La maggior parte delle malattie sono complesse, personali e non trasmissibili. I sintomi percepibili esternamente sono, nella maggior parte dei casi, la punta dell’iceberg, qualcosa di visibile, ma che nasconde un elenco di difficoltà che il paziente sopporta e soffre in silenzio nel tentativo permanente di rispondere alla normalità. Non fartelo notare dagli altri. Quindi, oltre a negare i sintomi, possiamo sentirci in colpa per le carenze che questi provocano. Ad esempio, la depressione e l’ansia sono comuni, solitamente accompagnano la maggior parte delle malattie e causano più difficoltà rispetto alla rigidità muscolare o ai movimenti involontari, ad esempio nel caso del Parkinson. I sintomi psichici, così fraintesi da chi non ne soffre, vengono spesso attribuiti alla cattiva volontà del paziente. Quando ciò accade e il paziente si incolpa per la sua tristezza e per il suo comportamento ansioso, entra in una sorta di circolo vizioso che, se possibile, aggrava la depressione. Non è difficile comprendere l’associazione che il popolo ebraico faceva tra malattia e peccato. «Chi ha peccato, lui o i suoi genitori?» chiede Giovanni a Gesù. 9, 2-3. Ora, egli non associa la malattia al peccato, ma tende a giudicare la condotta del malato, ritenendolo responsabile della sua condizione. L’obesità patologica, per citarne una, è una delle patologie che più colpiscono chi ne soffre, così come qualsiasi altra malattia mentale. “Sei così perché lo vuoi essere” si sente dire più di una volta.

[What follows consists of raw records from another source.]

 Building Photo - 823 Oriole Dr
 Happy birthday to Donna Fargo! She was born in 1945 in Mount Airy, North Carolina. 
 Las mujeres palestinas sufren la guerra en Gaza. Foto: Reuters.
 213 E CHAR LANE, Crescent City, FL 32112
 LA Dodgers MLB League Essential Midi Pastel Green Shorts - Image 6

Gli amici di Giobbe gli fanno sapere che Dio non sbaglia mai. Al contrario, è lo stesso malato a giudicare Dio per avergli mandato questo male. C’è un conflitto di fede. “Se Dio mi ama, perché devo ammalarmi?”
A volte è lo stesso paziente che condanna se stesso come un cattivo figlio di Dio. Poiché la mancanza di un tono vitale allegro, il pessimismo, la stanchezza e l’affaticamento sono attribuiti non alla mancanza di salute, ma alla mancanza di fede. “Un santo triste è un santo triste”, si dice spesso. Ciò provoca sentimenti di frustrazione e di peccato dovuti alla mancanza di gioia. Soprattutto quando la tristezza è segno di sconfitta in un mondo così “positivo”. Molte crisi vocazionali sia nella vita religiosa che nel matrimonio sono causate da una scarsa tolleranza della sconfitta della malattia.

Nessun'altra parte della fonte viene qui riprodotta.